В этот тяжелый момент на помощь отцу пришли те самые торговые служащие, которыми он занимался как председатель думской комиссии. Их стараниями в Смоленске были учреждены Коммерческие курсы в ведении Министерства финансов, превратившиеся затем в нормальное коммерческое училище. Моему отцу было предложено место преподавателя русского языка, и он его очень охотно принял. Министерство финансов в пику Министерству народного просвещения отца утвердило. Так война между ведомствами бывала часто полезна.

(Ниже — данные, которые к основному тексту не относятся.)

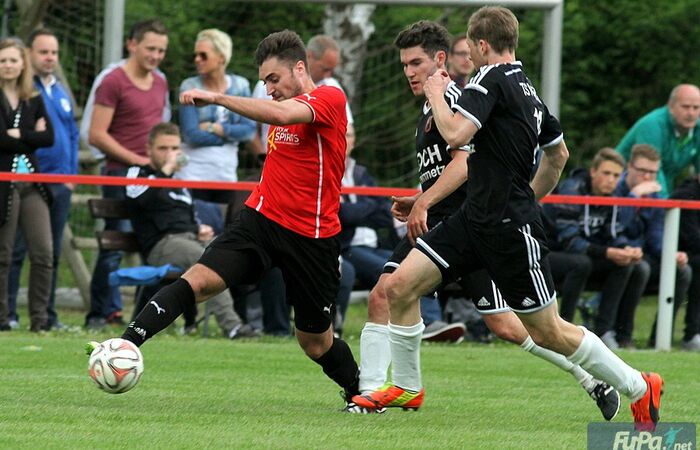 5:4 nach Elfmeterschießen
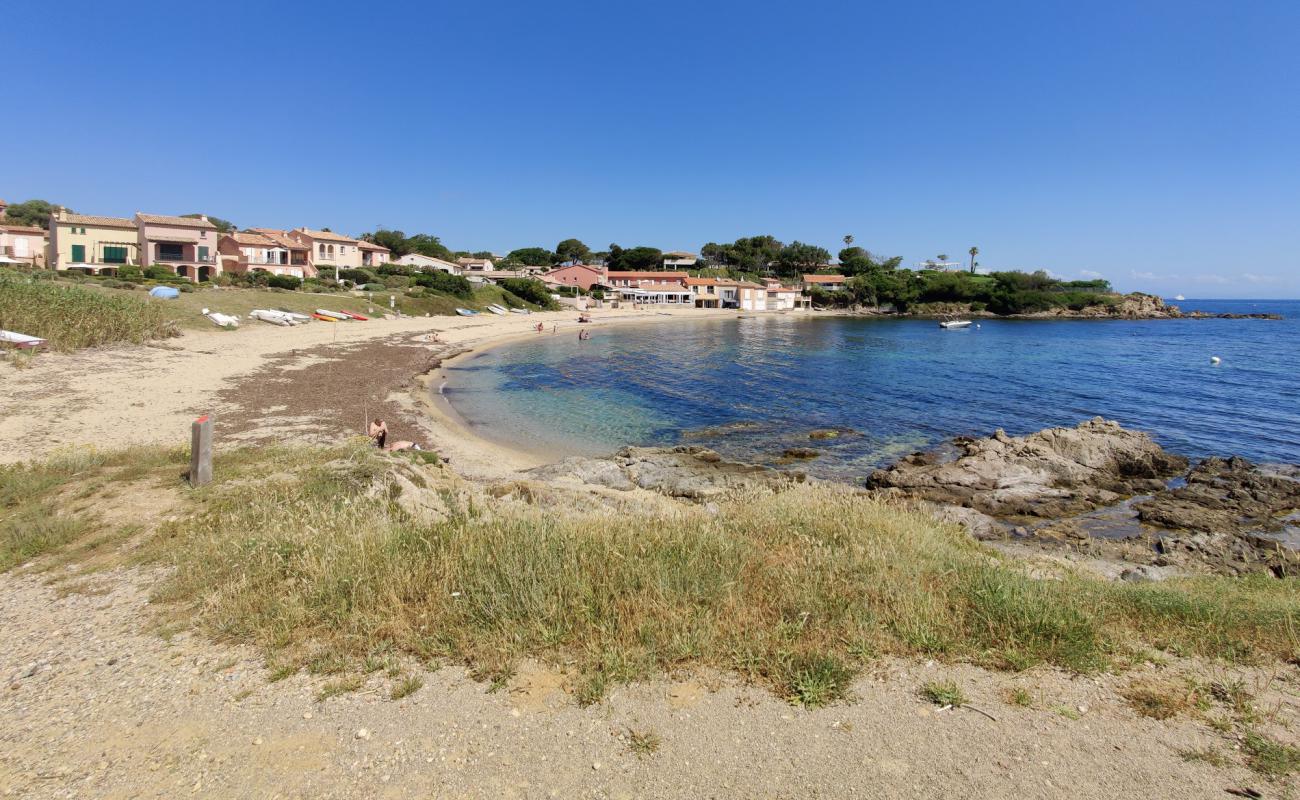 Foto af Good Terrace beach med lys sand overflade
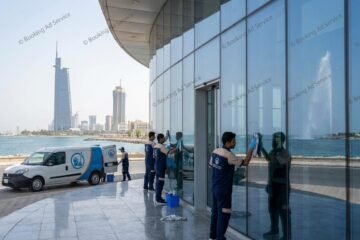 شركة تنظيف بجدة: دليلك المتكامل لبيت يتألق بالنظافة والراحة والصحة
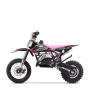 Dirt bike enfant hiro condor 60cc Rose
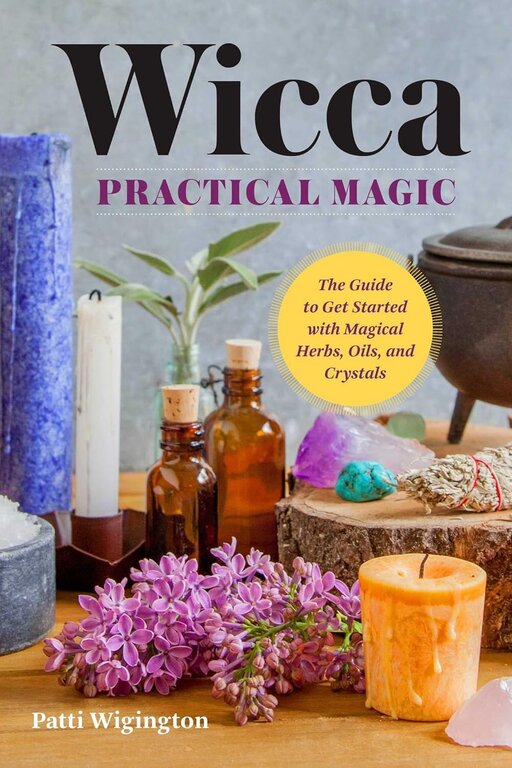 Microcosm Wicca Practical Magic
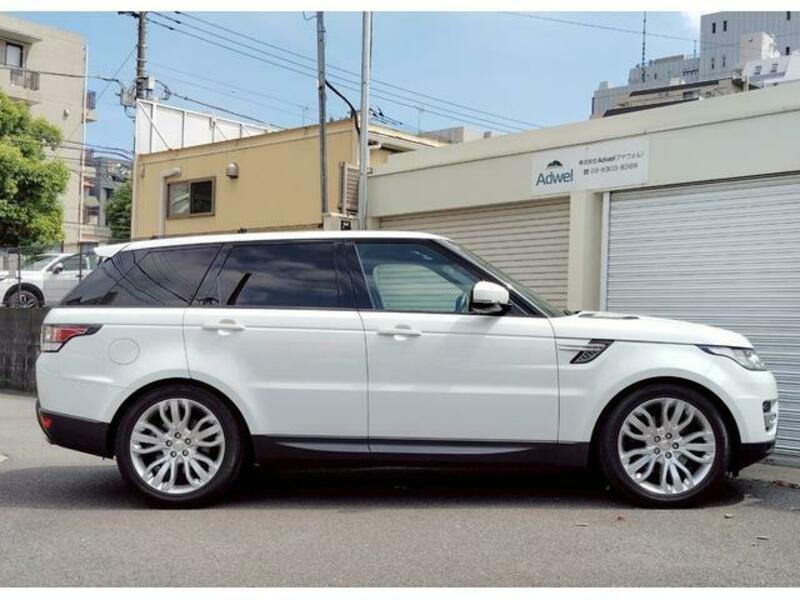 RANGE ROVER SPORT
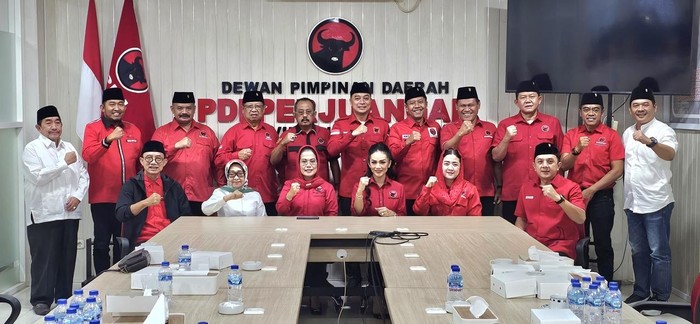 Rekomendasi PDIP di Jawa Timur
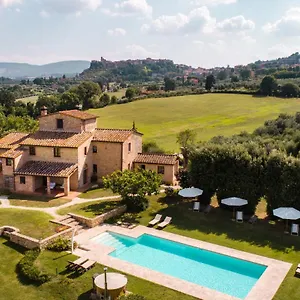 Vakantieboerderij Humile, Chianciano Terme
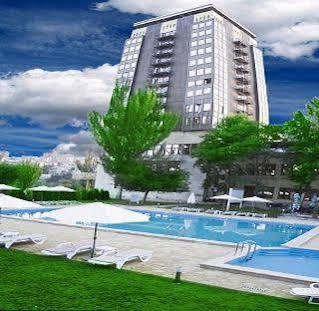 هتل هرازدان ایروان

Лето 1914 г. Тем, которые не переживали той эпохи, трудно себе представить накаленность атмосферы в течение месяцев, предшествовавших войне. Перед началом войны 1939 года атмосфера была очень накалена, и то, что мы переживаем сейчас, очень напоминает 1914 и 1939 годы, но есть одна существенная разница. В 1914 году никто не знал, что из себя будет представлять война, сколько времени будет длиться, какие политические и социальные перемены она произведет. Все произошло вслепую. Сейчас многие глаза должны были бы открыться и открылись. Тем не менее, вероятно, глупость правящих лиц и правящих классов так велика, что и сейчас слышатся те же речи и повторяются те же ошибки.

Во-первых, никто не понимал тогда, как многие не понимают и теперь, каким мощным фактором на пути к войне является масса вооружений. Вооружения устаревают очень быстро, и, если они не использованы вовремя, обладающее ими государство рискует оказаться в скверном положении по сравнению с соседями; в течение двух мировых войн мы видели, что победителями оказались именно те, кто были слабее вооружены вначале; правда, для этого было необходимо, чтобы кто-то другой принял на себя и выдержал первые и самые мощные удары противника. Почему-то забыта фраза, сказанная Гитлером одному французскому дипломату: «Мы затратили 90 миллиардов марок на вооружения, и я не могу медлить». История может повториться в третий раз под звуки все той же латинский мудрости: si vis pacem, para bellum[173].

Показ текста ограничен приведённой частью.